_WHAT IS NEEDED:_
The required answer is the run of lines from the one holding "MD Premium Casual" to the end of the data below, copied exactly and free of pictures.

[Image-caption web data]
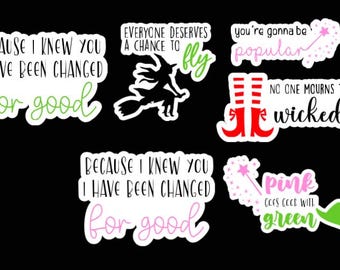 Wicked-Themed Vinyl Stickers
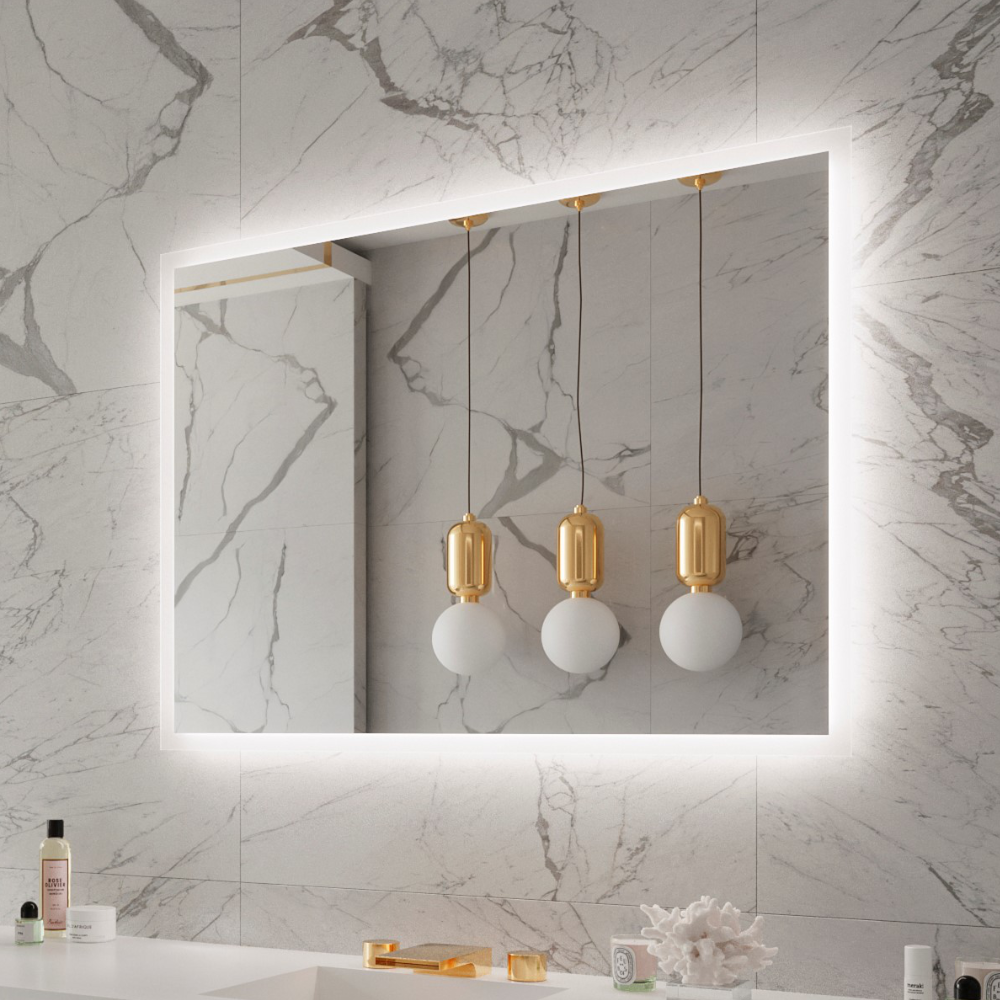 FROSTED RECTANGLE BACKLIT LED MIRROR 48X36 60K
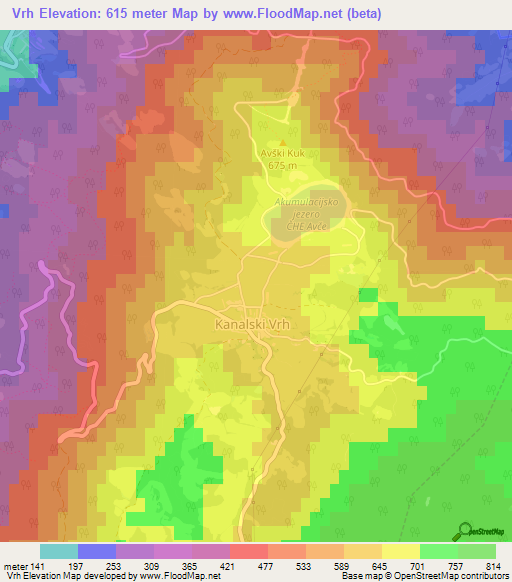 Vrh,Slovenia Elevation Map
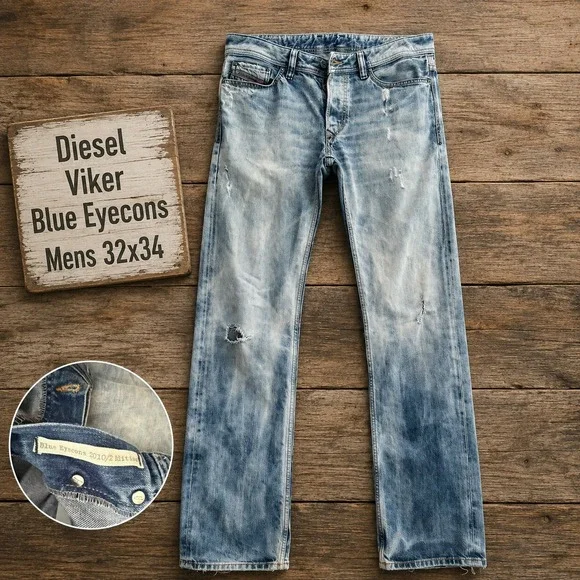 Diesel Viker Blue Eyecons 2010/2 Edition Mens Jeans 32x34 Light Wash Made Italy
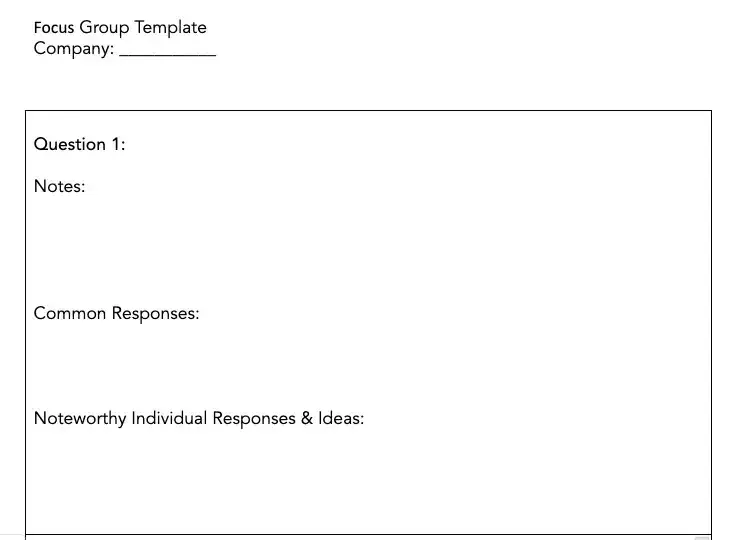 focus group template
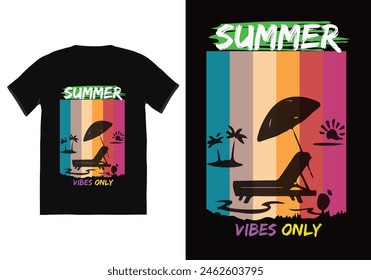 Summer vibes typography t shirt design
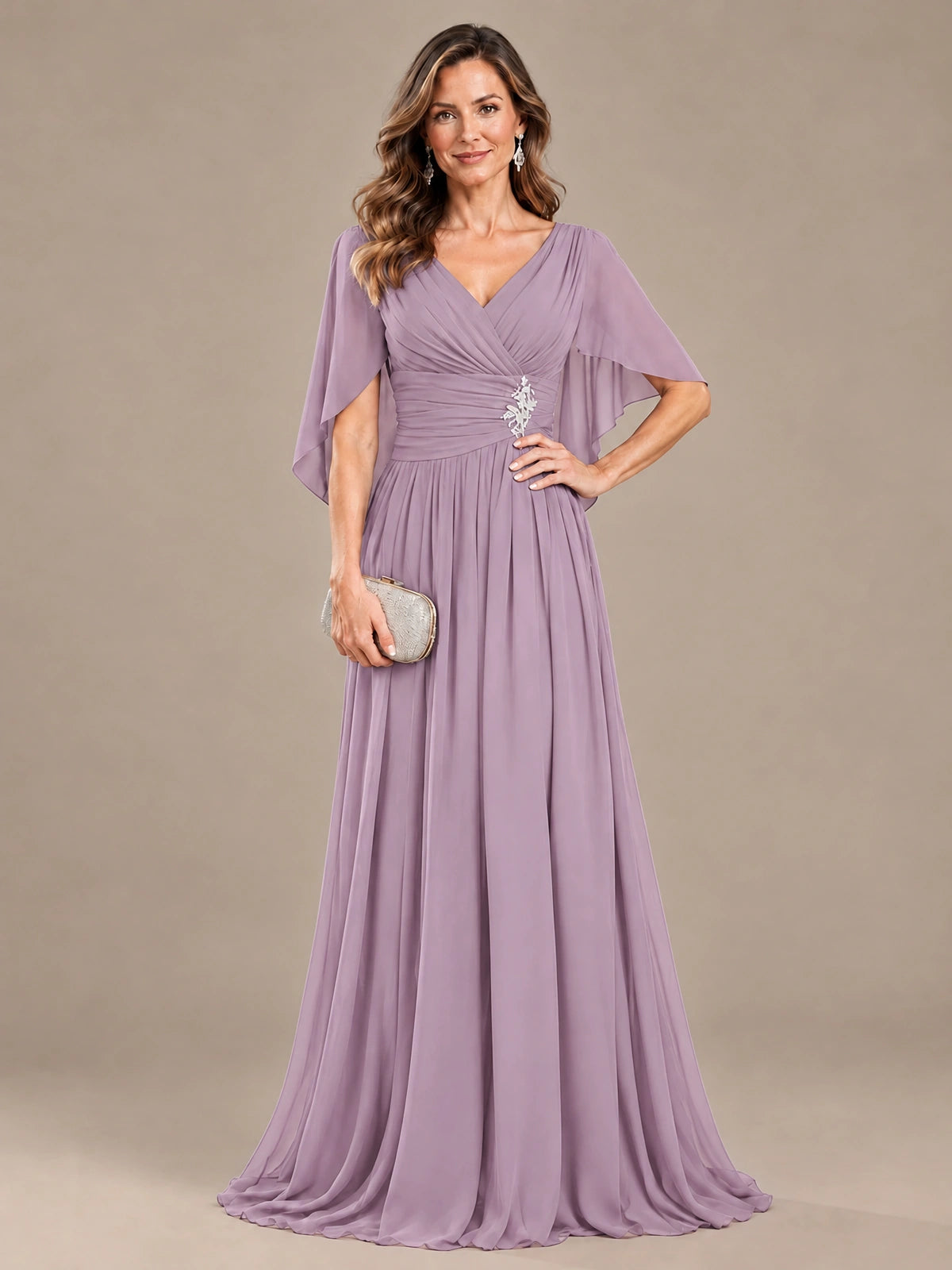 Ruched V Neck Mother of The Bride Dresses with Shawls Appliques and Cap Sleeves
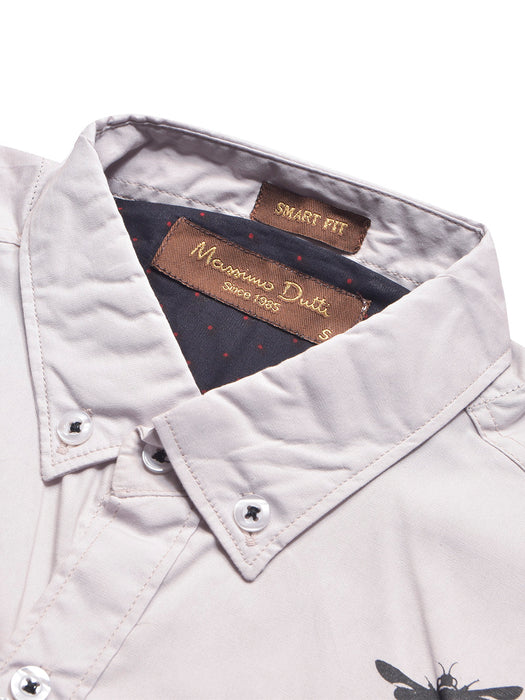 MD Premium Casual Shirt For Men-Smoke Pink with Butterfly Print-BR13647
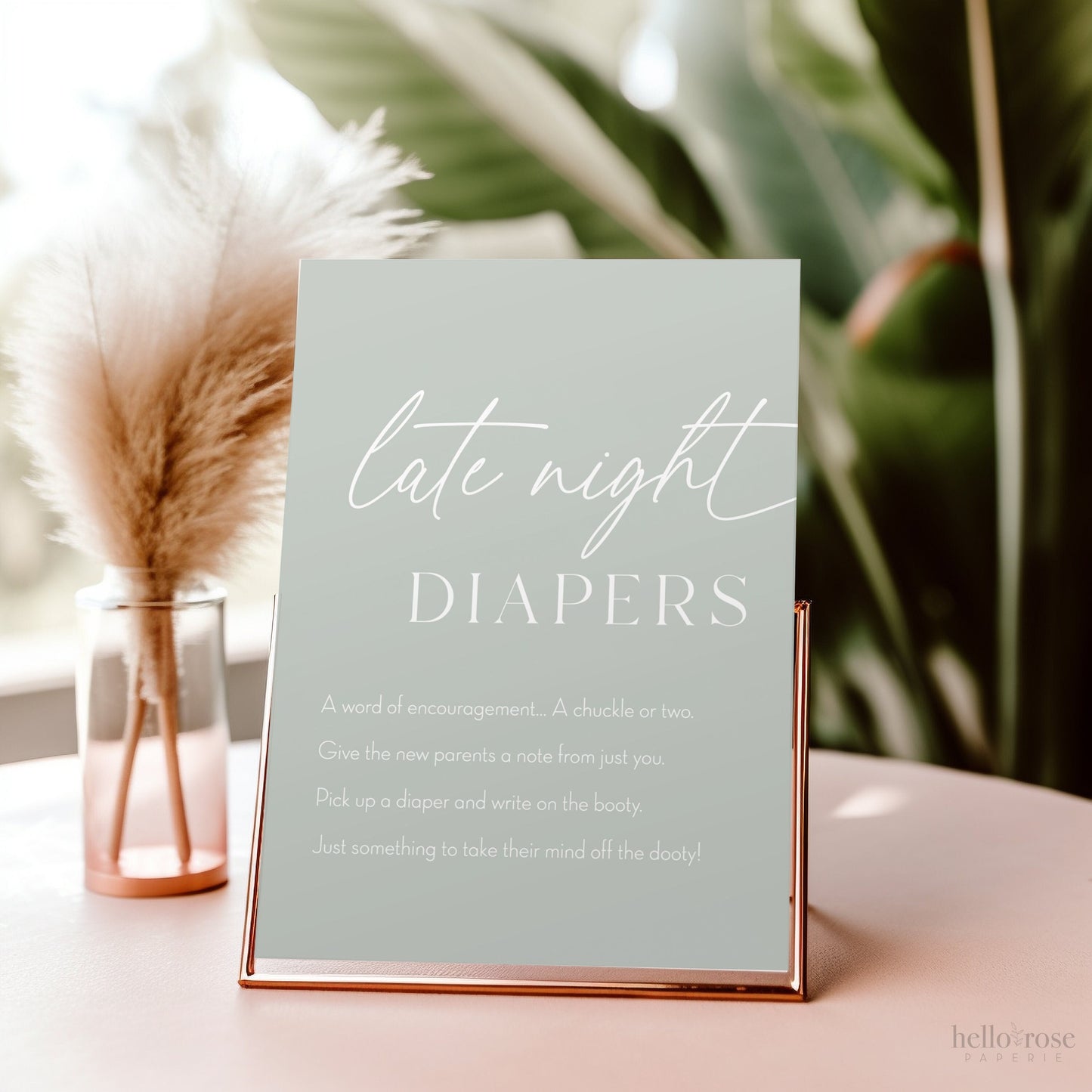 Late Night Diapers Boho Baby Shower Games Printable Sign . Sage Green Boy Girl Minimalist . Editable Template . Instant Download Templett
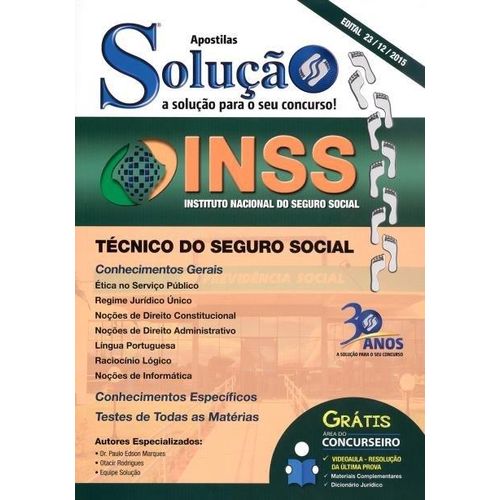 Apostila INSS - Técnico de Seguro Social - 2016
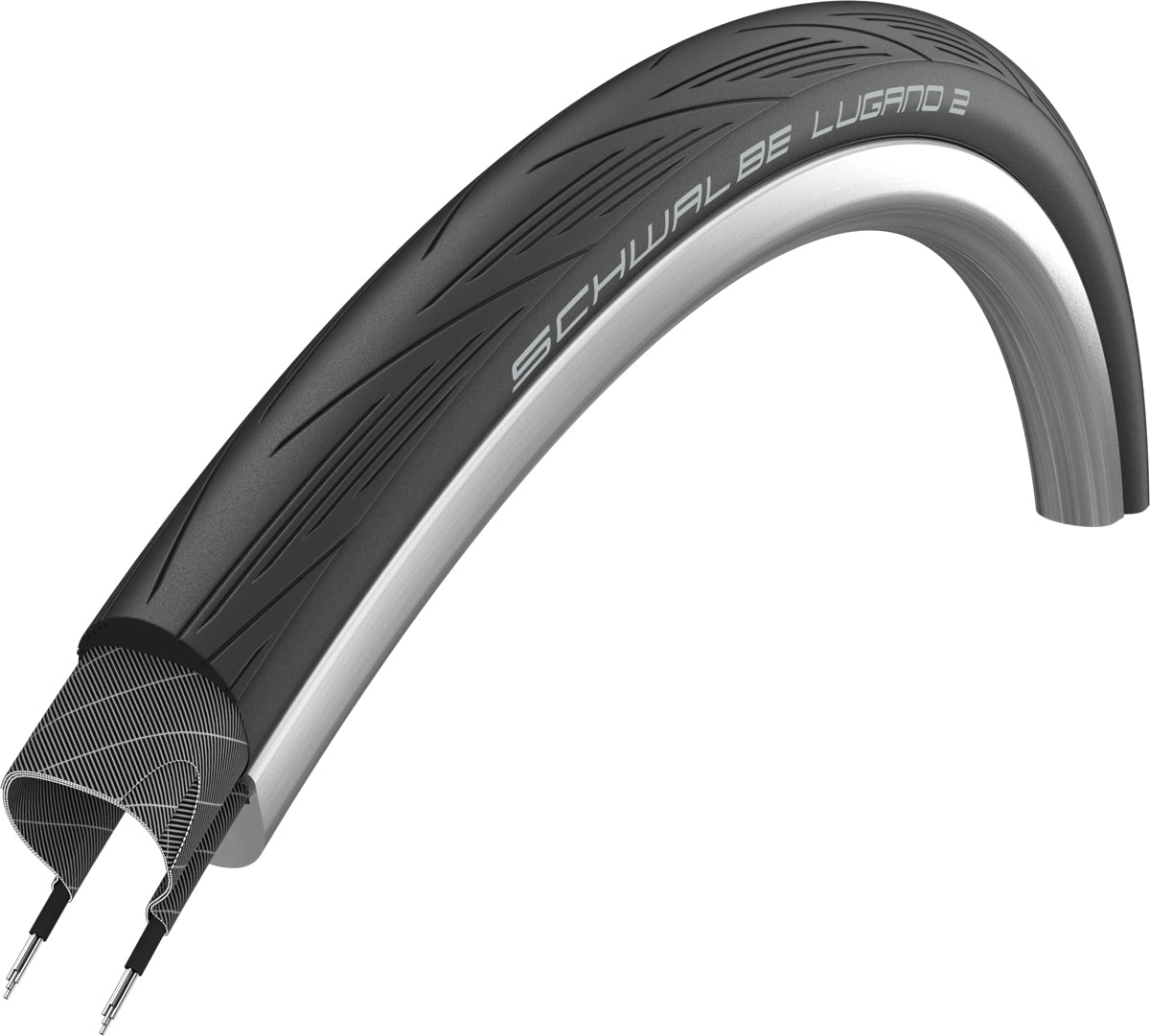 Schwalbe Lugano II Endurance Active-Line Tyre in Black 700 x 25mm (Wired)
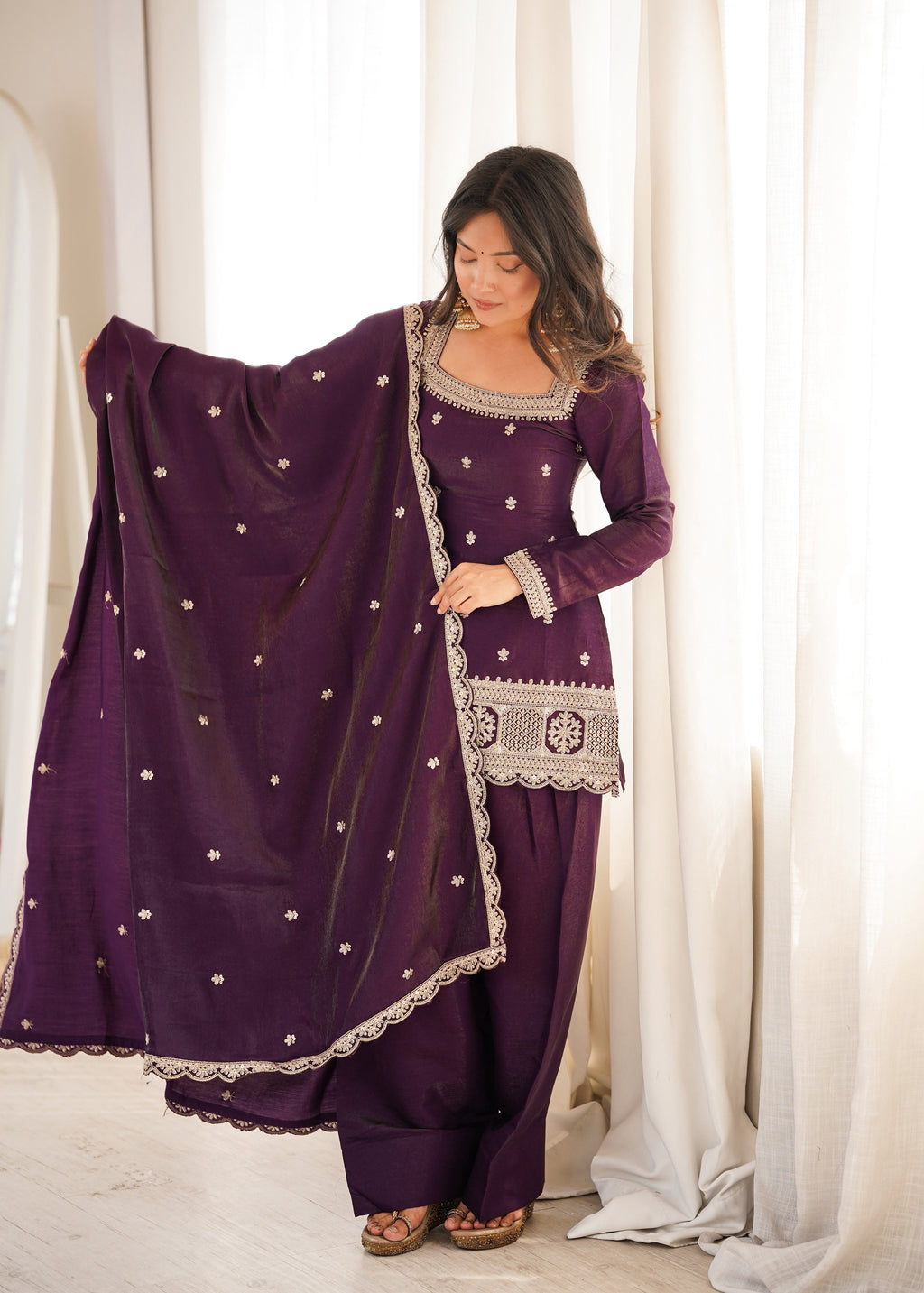 Wine Glass Roman Silk Kurta Suit Set With Embroidery Work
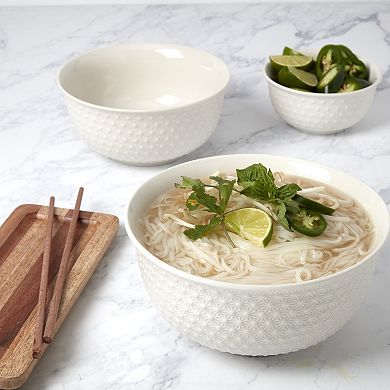 Tabletops Gallery 3-pc. Embossed White Bowl Set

_WRITTEN SOLUTION:_
 MD Premium Casual Shirt For Men-Smoke Pink with Butterfly Print-BR13647
 Late Night Diapers Boho Baby Shower Games Printable Sign . Sage Green Boy Girl Minimalist . Editable Template . Instant Download Templett
 Apostila INSS - Técnico de Seguro Social - 2016
 Schwalbe Lugano II Endurance Active-Line Tyre in Black 700 x 25mm (Wired)
 Wine Glass Roman Silk Kurta Suit Set With Embroidery Work
 Tabletops Gallery 3-pc. Embossed White Bowl Set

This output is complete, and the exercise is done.